È così. Il mondo delle asana e della parti fisiche è importante fino a un certo punto. È l’etica dello yoga che che si applica all’alimentazione e alla vita che conta. Il principio della non violenza nelle parole nel pensiero e nelle azioni cerco di applicarlo in tutto quello che faccio, dall’alimentazione – sono vegetariano – e nelle relazioni di lavoro usando un linguaggio non aggressivo, anche se si è arrabbiati: la parola è importante tanto quanto l’azione. Il principio di non violenza (ahimṣā) è in tutto, anche nel pensiero che produce un effetto pratico di azione. Lo yoga per me è più un modo di vita, faccio del mio meglio per metterlo in pratica, è il mio pilastro. Ho trovato un’etica che mi si concilia molto, è adogmatica e può essere praticata da chiunque. L’universalità di questo sistema filosofico mi piace molto
Sei religioso?
Ho un forte senso del divino. Quello dello yoga non è monoteistico e duale, non c’è Dio vs il resto. Tutto quello che c'è è divino. Leggendo “Jnana Yoga” di Swami Vivekananda ho ritrovato il mio pensiero, mi si è aperto il mondo dello Jnana yoga (lo yoga della conoscenza, ndr). Ho trovato lì la mia cosmogonia.
Se non ci fosse stato il tuo percorso di yoga saresti designer?
Forse lo sarei ma in maniera più conflittuale, ho sempre vissuto con i sensi di colpa di sprecare un sacco di tempo per fare delle cose inutili: facendo dei bicchieri non si salvano le vite. Lo yoga mi ha fatto riconciliare con la mia creatività, perché qualsiasi gesto non è importante di per sé, è l’intenzione del gesto che ha valore. Puoi fare lo spazzino, il designer, la suora, il presidente, ma se l’intenzione è buona e non violenta allora va bene.
Questo come si traduce nel lavoro?
Lavoro solo con artigiani locali, a differenza della produzione industriale di massa che inquina e si serve di manodopera sottopagata nelle zone più disagiate. In questo modo l’oggetto non ha un impatto negativo sul mondo. Questa modalità ha riconciliato il mio aspetto riflessivo con quello più creativo. Lo yoga mi ha aiutato nelle relazioni con gli artigiani e i mastri vetrai: sono persone dure, stanno sulla difensiva. Però ho scelto un linguaggio non violento e questo mi ha aperto le porte di un ambiente a volte chiuso come quello di Murano.
Se tutti i designer praticassero la filosofia yoga come migliorerebbe il mondo?
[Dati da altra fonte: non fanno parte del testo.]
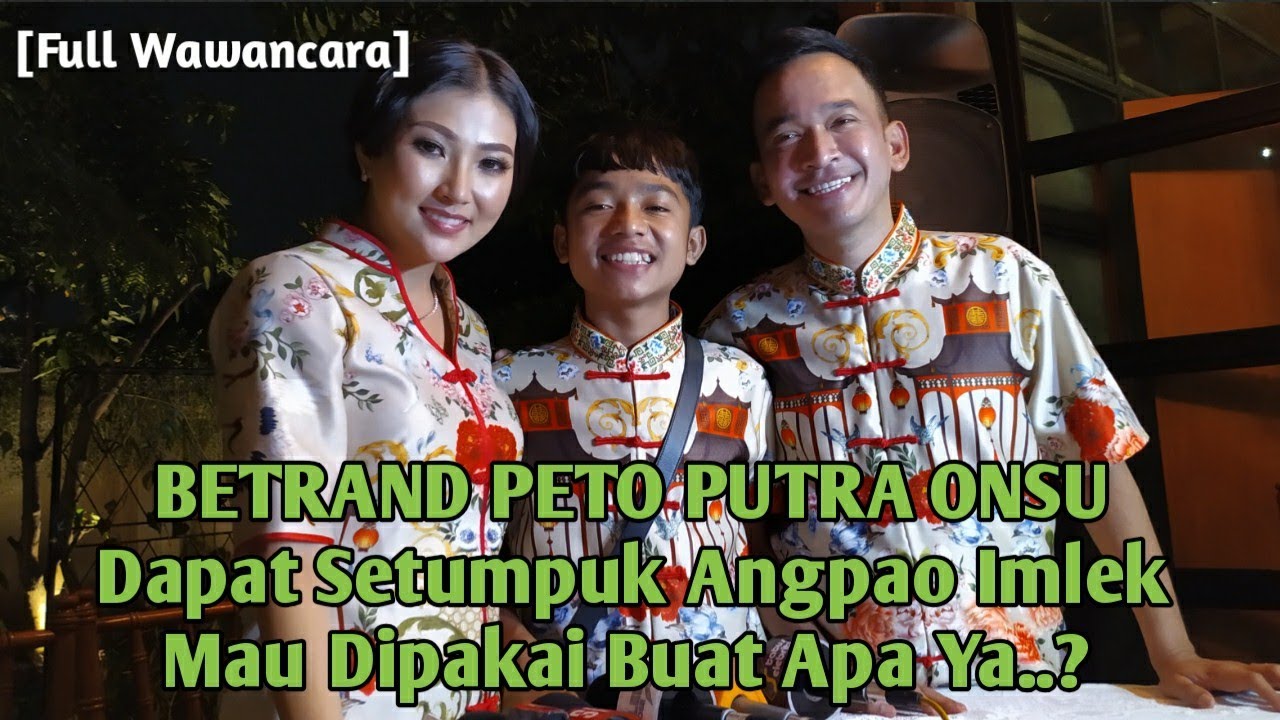 Catat! BETRAND PETO Gak Mau Lagi Dipanggil Kakak (Ayah Ruben Sampe Ngakak!)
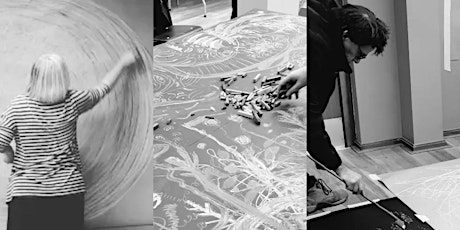DAY WORKSHOP : Immersive large scale drawing practices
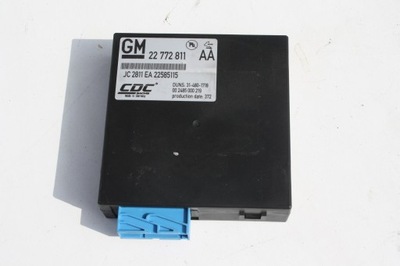 Opel insignia a модуль блок управления cdc 22772811 фото №1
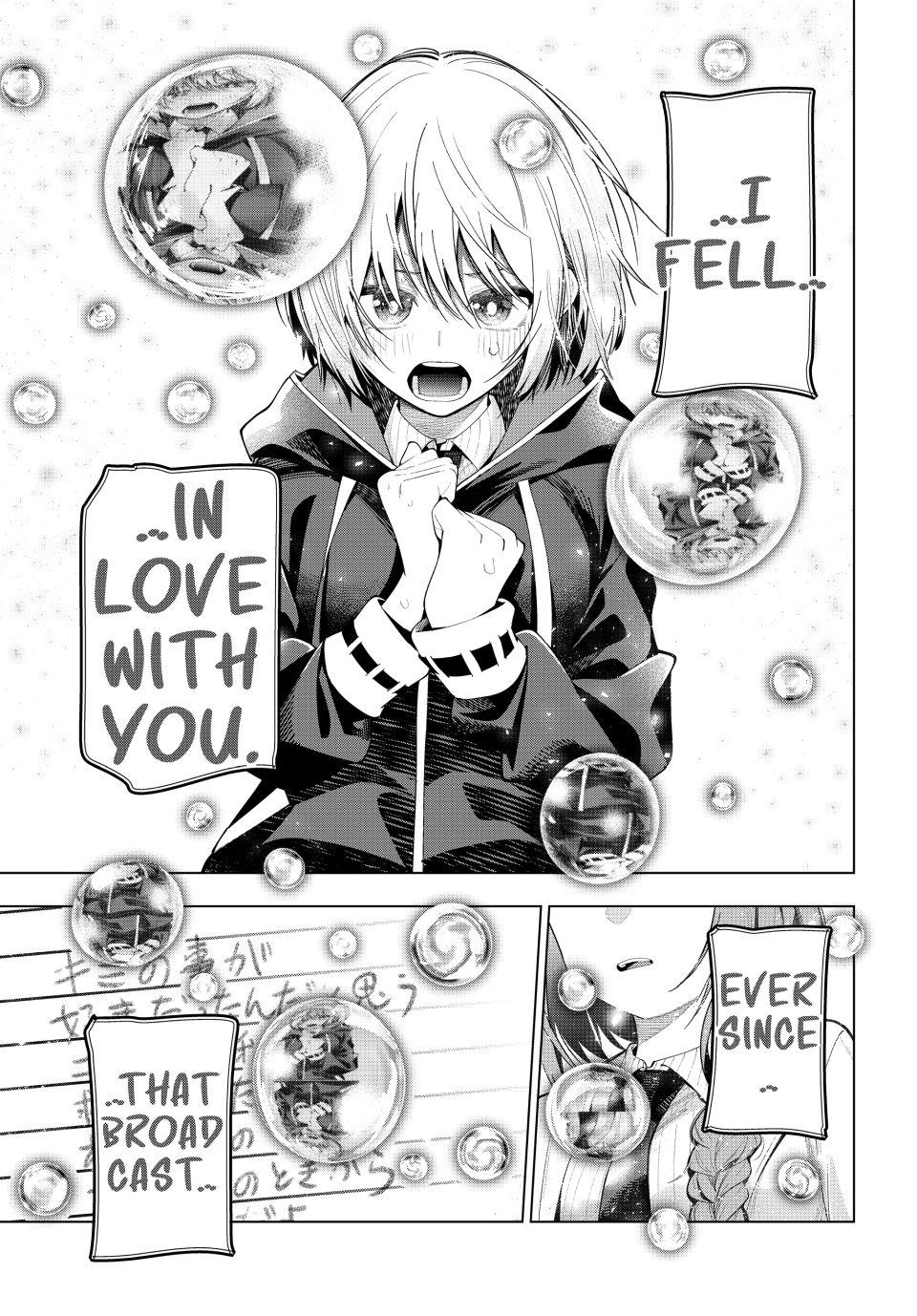 Finding the Girl Behind the Voice chapter 81 page 15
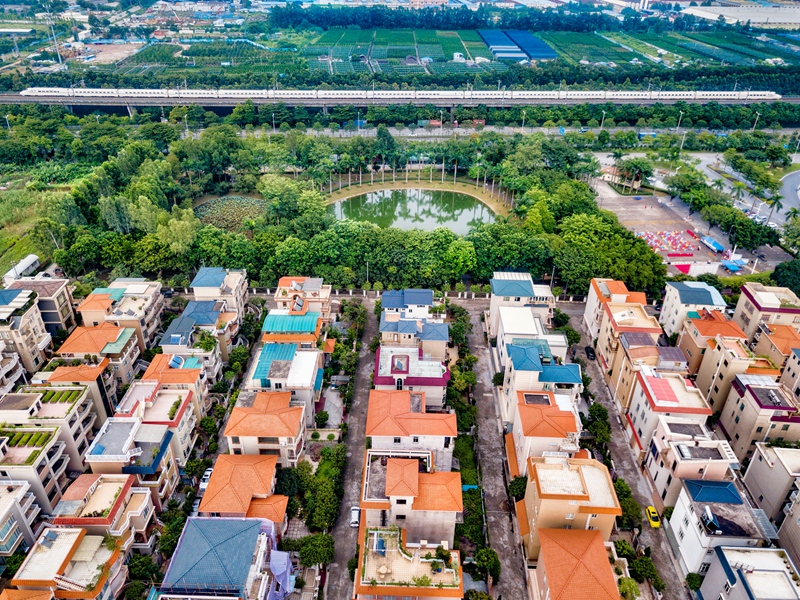 广东顺德伦教三洲村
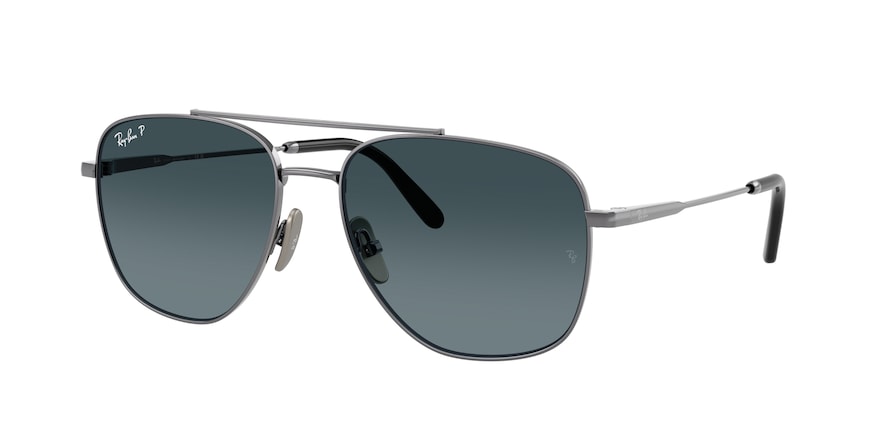 Ray-Ban RB8097 WILLIAM TITANIUM 165/S3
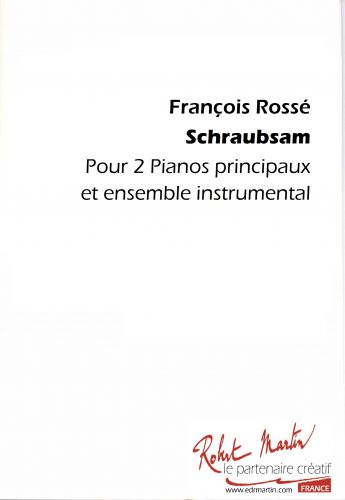 cubierta Shraubsam Editions Robert Martin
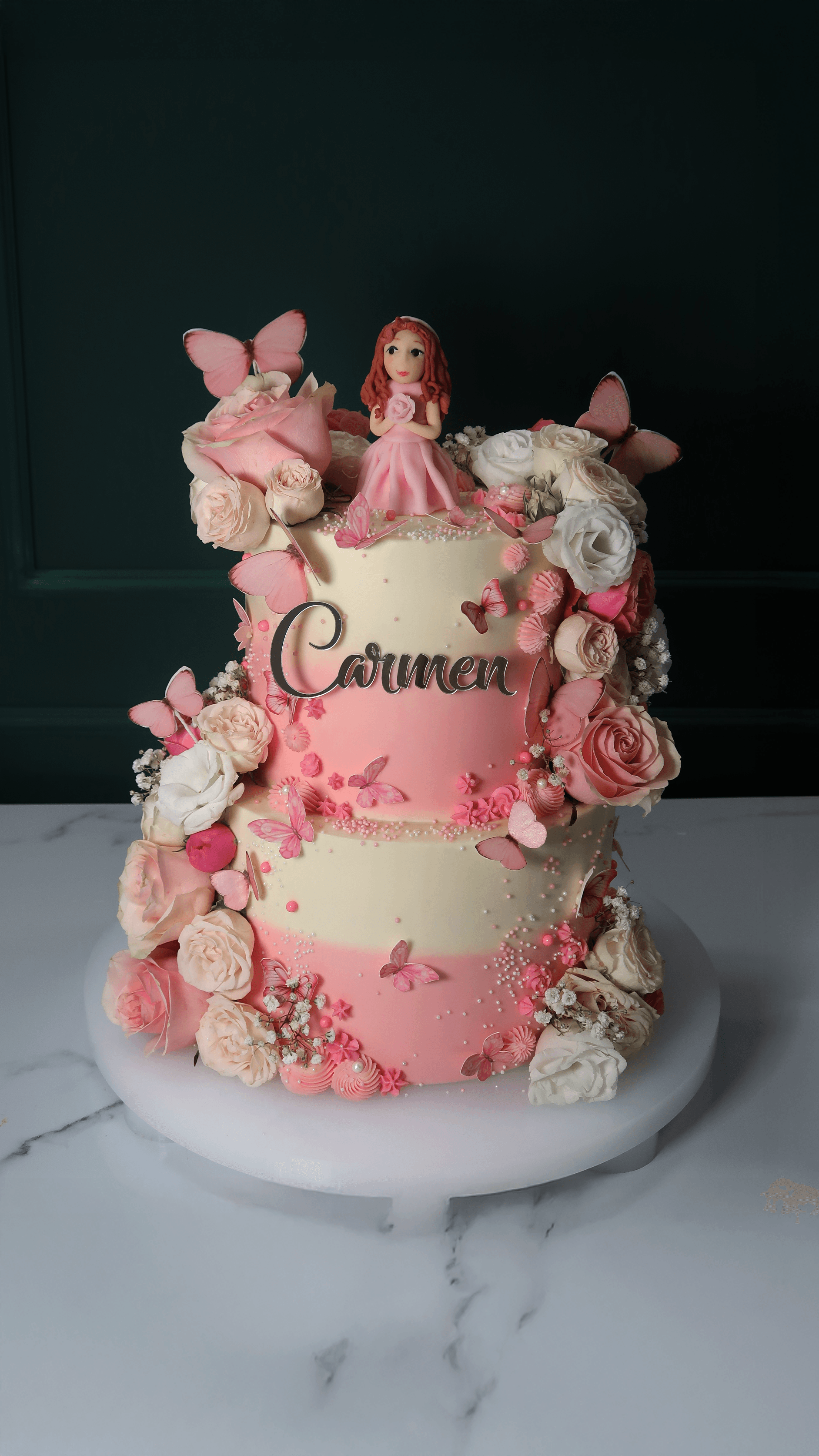 Fairy Princess Celebration Cake
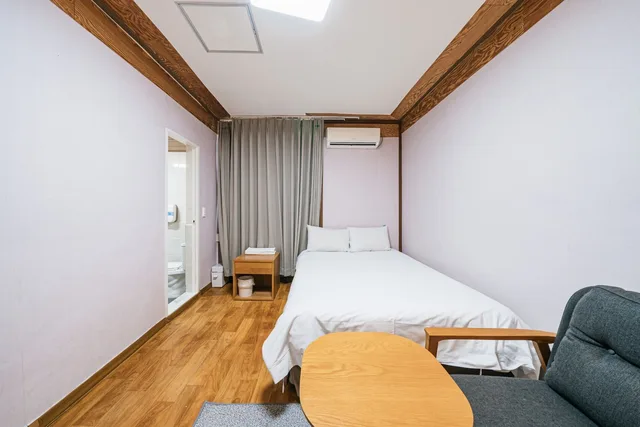 غرفة ديلوكس بسرير مزدوج، Miju Hotel 2/5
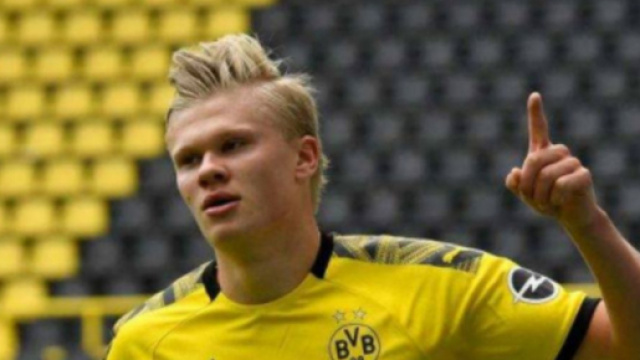 Erling Haaland piace alla Juventus.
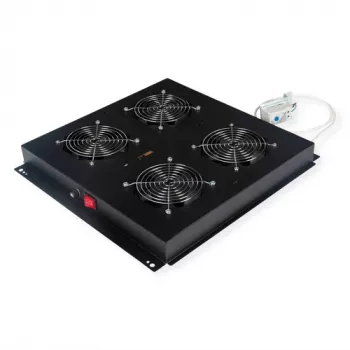 Unidad de flujo de aire ROLINE 19IN unidad de ventilador superior 4 Airflow negra – ROLINE 26.21.0246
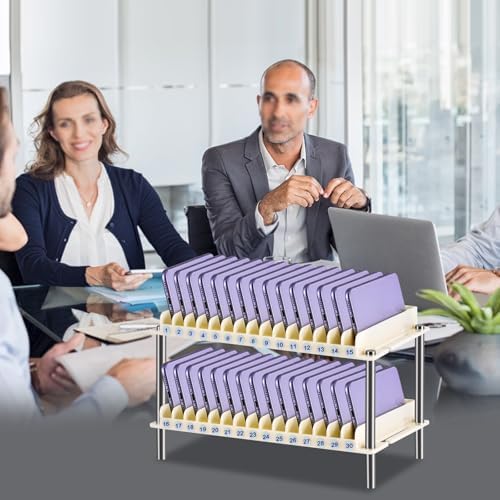 Cell Phone Holder Organizer 30 Slots, Wall-mounted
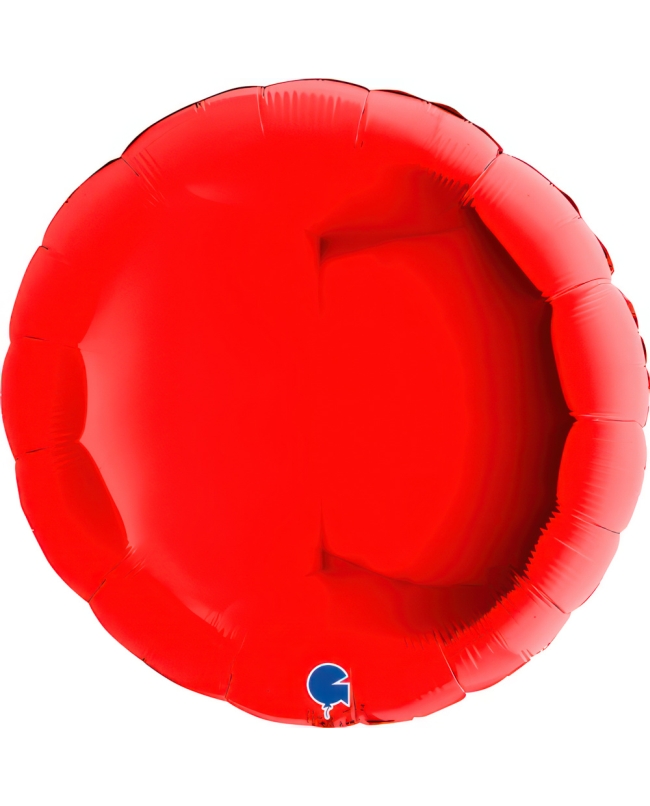 Jumbo Circulo Rojo 75cm (0,148 m3)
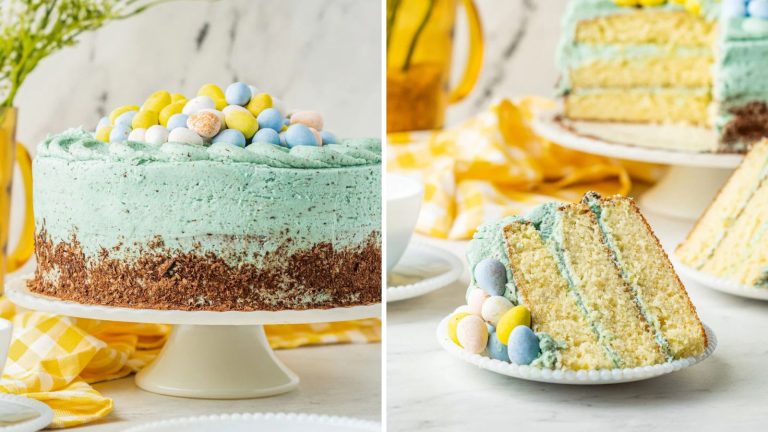 Easy Easter Cake.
Se tutti facessero questo ragionamento avremmo delle catene produttive più intelligenti. Potrebbe esserci migliore attenzione all’impatto etico e ambientale degli oggetti. Nella fase progettuale si sta più attenti alla produzione: ci si chiede chi produrrà e in che zona del mondo. Tenere conto di tutta la catena che porta a un oggetto finale e adattarla al fine che sia più etica possibile è il modo “giusto, etico” di fare design.
Come pratichi?
A volte la sequenza Rishikesh (Sivandanda), a volte estratti della prima serie di Ashtanga. Tante volte faccio pratiche di respirazione e di consapevolezza del respiro, di radicamento al momento presente.
Miglior tappetino da praticante e da designer?
Io uso il Manduka, si compra online, l’ho preso 5-6 anni fa ed è come se non l’avessi mai usato.
Sottile o spesso?
Quello spesso di 5 mm, perché se faccio le inversioni o la candela è meglio così.